Back to the dress- there were days I was slouchy, there were days I looked nice. There were days I was exhausted and phoning it in, there were days I was pretty close to killing it. By week two I was getting kind of tired of it and had to really be creative to stay interested. I don't get any additional prize if I have one hundred pictures and 97 of them look great. I will submit these photos to wool&, and I will get the gift certificate just for completing the challenge. And the same is true for parenting. There are days we are exhausted, there are days we're doing really well. There are days we feel excited and energized about parenting, and there are days we feel over it. There are some days we are merely surviving. We may feel as though other parents are judging our parenting, but honestly they are too exhausted and worried to even notice what we're doing. And there is no prize for looking really good while doing it. It's nice to be appreciated. Sometimes moms complain that no one notices all the things we do. If that is true, the good news is that no one notices all the things we do poorly either.  

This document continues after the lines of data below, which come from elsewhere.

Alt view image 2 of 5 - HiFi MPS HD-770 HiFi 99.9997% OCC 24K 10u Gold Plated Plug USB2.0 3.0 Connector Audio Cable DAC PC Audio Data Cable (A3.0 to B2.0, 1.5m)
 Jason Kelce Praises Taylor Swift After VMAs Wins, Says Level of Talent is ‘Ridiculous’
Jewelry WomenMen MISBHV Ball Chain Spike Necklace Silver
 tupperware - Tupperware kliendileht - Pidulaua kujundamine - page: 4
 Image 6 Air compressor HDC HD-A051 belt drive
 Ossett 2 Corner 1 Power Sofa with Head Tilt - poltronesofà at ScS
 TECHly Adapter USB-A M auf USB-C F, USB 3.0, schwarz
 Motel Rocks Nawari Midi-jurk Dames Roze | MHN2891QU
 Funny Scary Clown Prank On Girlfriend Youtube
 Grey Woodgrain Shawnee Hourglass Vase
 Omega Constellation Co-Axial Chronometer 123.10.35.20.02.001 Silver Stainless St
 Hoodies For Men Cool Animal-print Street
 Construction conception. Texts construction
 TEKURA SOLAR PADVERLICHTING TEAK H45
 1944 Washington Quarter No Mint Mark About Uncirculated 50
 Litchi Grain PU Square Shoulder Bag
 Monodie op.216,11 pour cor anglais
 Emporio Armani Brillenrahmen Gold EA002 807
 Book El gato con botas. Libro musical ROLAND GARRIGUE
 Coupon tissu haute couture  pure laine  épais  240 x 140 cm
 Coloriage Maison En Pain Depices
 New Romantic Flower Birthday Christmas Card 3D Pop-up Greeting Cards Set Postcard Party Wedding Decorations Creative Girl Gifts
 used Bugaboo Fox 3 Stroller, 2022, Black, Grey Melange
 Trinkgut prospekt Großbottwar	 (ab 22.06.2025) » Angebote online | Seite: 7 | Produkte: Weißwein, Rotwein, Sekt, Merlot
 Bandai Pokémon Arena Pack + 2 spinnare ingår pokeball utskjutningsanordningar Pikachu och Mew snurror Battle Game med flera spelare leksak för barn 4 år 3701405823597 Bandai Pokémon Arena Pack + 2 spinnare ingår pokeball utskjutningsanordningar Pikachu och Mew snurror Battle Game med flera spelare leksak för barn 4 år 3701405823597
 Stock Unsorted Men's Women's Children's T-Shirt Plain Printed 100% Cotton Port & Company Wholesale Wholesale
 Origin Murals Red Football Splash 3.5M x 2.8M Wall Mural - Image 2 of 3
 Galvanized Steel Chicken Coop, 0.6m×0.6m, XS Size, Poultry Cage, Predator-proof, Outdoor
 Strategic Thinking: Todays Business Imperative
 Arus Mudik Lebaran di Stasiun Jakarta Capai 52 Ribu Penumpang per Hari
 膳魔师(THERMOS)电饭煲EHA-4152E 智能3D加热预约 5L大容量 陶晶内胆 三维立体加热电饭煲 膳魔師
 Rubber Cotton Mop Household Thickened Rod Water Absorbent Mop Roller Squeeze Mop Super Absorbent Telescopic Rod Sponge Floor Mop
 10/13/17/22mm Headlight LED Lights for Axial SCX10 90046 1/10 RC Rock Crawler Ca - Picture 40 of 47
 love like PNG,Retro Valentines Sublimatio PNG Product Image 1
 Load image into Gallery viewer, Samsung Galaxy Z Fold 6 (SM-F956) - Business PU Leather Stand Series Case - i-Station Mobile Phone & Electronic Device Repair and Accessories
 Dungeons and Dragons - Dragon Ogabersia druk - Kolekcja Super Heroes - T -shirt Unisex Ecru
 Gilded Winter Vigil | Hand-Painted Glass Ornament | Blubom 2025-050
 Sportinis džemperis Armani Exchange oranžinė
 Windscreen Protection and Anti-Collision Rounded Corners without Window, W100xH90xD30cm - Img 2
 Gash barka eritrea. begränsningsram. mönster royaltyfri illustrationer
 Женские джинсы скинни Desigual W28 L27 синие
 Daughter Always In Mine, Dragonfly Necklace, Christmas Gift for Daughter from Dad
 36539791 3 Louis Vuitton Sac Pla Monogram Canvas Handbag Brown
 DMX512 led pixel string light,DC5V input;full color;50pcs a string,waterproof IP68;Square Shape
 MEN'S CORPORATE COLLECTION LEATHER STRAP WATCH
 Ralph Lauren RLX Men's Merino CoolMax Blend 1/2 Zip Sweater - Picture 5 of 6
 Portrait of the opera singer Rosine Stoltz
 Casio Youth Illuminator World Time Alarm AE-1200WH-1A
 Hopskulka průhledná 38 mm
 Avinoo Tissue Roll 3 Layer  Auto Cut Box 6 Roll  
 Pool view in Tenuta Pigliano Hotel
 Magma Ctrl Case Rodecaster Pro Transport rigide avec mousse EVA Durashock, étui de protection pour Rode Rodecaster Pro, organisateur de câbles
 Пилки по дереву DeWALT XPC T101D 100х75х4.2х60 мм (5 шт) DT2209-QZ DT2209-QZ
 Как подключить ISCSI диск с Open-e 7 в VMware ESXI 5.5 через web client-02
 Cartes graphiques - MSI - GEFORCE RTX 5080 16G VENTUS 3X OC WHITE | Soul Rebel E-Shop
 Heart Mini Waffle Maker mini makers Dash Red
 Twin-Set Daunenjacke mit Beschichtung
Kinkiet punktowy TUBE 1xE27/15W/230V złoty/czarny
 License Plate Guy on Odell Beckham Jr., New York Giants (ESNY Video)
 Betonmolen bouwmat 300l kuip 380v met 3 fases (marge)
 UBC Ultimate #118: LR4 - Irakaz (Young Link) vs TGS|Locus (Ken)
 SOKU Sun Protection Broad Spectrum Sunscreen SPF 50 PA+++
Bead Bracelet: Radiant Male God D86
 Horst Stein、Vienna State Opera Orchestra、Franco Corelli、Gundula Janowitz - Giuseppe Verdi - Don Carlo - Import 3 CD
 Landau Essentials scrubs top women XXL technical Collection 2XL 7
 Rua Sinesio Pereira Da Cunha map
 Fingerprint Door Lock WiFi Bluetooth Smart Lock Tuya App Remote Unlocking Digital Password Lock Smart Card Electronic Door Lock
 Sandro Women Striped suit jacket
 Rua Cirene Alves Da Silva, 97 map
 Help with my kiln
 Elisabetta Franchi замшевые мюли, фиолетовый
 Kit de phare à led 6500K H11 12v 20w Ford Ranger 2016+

If I had been determined for each of these pictures to look good, I never would have completed the challenge. I probably wouldn't have made it past day two. And I fought the urge to make them all look good, even though it was irrelevant. Perfectionism keeps us from enjoying things that are good enough, from celebrating the little wins, from being present.

Our kids would rather we show up for them in our imperfection than not at all. Maybe we have pb&js for dinner three times this week, but we get to snuggle a little longer because there's no clean up. So what that the kids sleep in tomorrow's clothes if it makes mornings easier? Yes, we had more than an ideal amount of screen time, but we also sat together and laughed together and shared the experience.  So the next time you are juggling a screaming toddler on the toy aisle at Target or your tween is telling you that you're the worst because "everyone else has a phone", remember this- others aren't noticing what you've got going on as much as you feel like they are, and perfection is the enemy of perfectly adequate. So carry that child out of the store with pride, and tell that kid he's never getting a phone, because you, mama, are a perfectly adequate parent.